Students Attend UW Oshkosh’s Annual High School Art Day


On April 29, eight art students traveled with Mr. Herr to UW Oshkosh for the university’s annual High School Art Day. Students were selected to attend the event based on their artistic skillset as well as motivations to pursue a career in the arts.
“We thought about students that were thinking about art as a career or pathway for college,” Mr. Herr said. “We selected the most talented students or those we thought would be more serious about going to college for art.”
At the event, students were able to participate in 90-minute art workshops led by graduate students, receive critiques on some of their pieces from UWO professors and even have the opportunity to get their pieces displayed from May 2-7 at the Steinhilber gallery on the third floor of Reed Union on the UW Oshkosh campus.
Guillermo Baneulos, Gracelynn Berner and Ava Shultz were all granted the opportunity to have their pieces displayed at the gallery. In addition to this, Ava also won the Artcore award at the gallery reception.
“I decided to bring a geometric piece of a leopard/skull called Life through Death,” Shultz said. “It’s definitely one of my favorite pieces I’ve ever made. It’s meant to show how death isn’t all bad, and that it can fuel new life.”
At the event, students were able to select which workshop they would like to take, with options ranging from wire art to landscape impressionism.

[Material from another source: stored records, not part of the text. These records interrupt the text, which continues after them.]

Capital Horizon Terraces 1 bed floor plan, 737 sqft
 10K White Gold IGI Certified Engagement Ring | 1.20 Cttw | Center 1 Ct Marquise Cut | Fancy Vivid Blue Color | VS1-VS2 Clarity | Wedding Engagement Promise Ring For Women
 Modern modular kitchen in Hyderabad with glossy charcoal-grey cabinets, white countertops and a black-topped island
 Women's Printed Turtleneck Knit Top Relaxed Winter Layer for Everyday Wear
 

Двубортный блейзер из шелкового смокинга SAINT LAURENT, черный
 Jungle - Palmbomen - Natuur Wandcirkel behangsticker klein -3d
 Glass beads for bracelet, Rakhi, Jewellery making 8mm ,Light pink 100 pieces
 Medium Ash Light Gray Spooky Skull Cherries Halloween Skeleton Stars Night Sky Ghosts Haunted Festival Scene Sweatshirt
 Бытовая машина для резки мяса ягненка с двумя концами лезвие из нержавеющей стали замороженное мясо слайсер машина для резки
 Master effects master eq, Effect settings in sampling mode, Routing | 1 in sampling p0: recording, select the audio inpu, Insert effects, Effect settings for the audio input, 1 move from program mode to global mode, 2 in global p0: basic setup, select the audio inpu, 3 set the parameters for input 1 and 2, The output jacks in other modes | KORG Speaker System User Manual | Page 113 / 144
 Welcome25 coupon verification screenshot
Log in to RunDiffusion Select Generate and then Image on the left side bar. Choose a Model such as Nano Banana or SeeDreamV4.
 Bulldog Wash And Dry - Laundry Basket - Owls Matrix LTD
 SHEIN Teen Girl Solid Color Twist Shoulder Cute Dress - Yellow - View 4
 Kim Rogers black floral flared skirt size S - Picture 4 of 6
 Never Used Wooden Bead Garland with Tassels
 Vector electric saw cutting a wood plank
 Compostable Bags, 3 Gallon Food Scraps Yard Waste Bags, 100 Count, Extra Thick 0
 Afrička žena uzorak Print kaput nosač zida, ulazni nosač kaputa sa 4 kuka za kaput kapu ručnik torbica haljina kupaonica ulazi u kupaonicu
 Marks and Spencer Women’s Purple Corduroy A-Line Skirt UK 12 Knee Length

One of the workshops was a monster printmaking course where students were able to design their own monster, print it using inks and trade their prints with other students at the workshop.
“It was a lot of fun to learn how to carve away the negative space instead of the positive,” Shultz said. “The printing process was really relaxing.”
In addition to the actual material taught during the workshop, participating students were also able to get some time to interact with the graduate students teaching the class.
“It was cool to hear the students who actually go there talk about what classes are like and what opportunities you get at the school, “ Nora Otte, another art day attendee, said.
After the workshops, students went back to their critique rooms for the next portion of the event. During this time, the jurors (consisting of current art staff, retired professors, and senior art students) provided critiques for everyone’s work, including what each artist did well in their piece and what they could do to improve upon it. This shows prospective art students how to properly provide their peers with constructive criticism on their work, something that is a frequent occurrence in art-focused college programs.
To provide some context, art students at Fondy have to write up critiques that explain their art process. In these critiques, students apply a plethora of elements, principles, and techniques to their work to establish their understanding of their art. Essentially, the critique process at the UWO event shows how this process functions at a college level. Instead of writing a written critique, students have seminar sessions in which they discuss their work and get constructive feedback from their peers.
“The critiques were very helpful,” Shultz said. “Personally I got a lot of good feedback on how to improve my work, and I will definitely be going back next year!”
This was the first time students from Fondy were able to attend the event. However, it was not the first time Mr. Herr had been.
“It was my first time going as a staff member, but I’ve helped organize the event before,” Mr. Herr said. “I went to school at UW Oshkosh, so it was kind of affirming to be back as a teacher and then have my students experience the campus with me.”
Overall, the students really enjoyed the opportunity to participate in the event. The combination of the unique workshops, constructive critiques, and the opportunity to talk to art graduates made this event impactful for many.
“It was really cool to hear the feedback of the graduate students and the judges,” Otte said. “It was cool to talk about what made something look interesting in terms of elements and principles instead of someone just saying it looked good.”
“I thought it was a great experience,” Mr. Herr said. “Even if students don’t decide to go to Oshkosh, it’s a good taste of what college level art would be like at any campus.”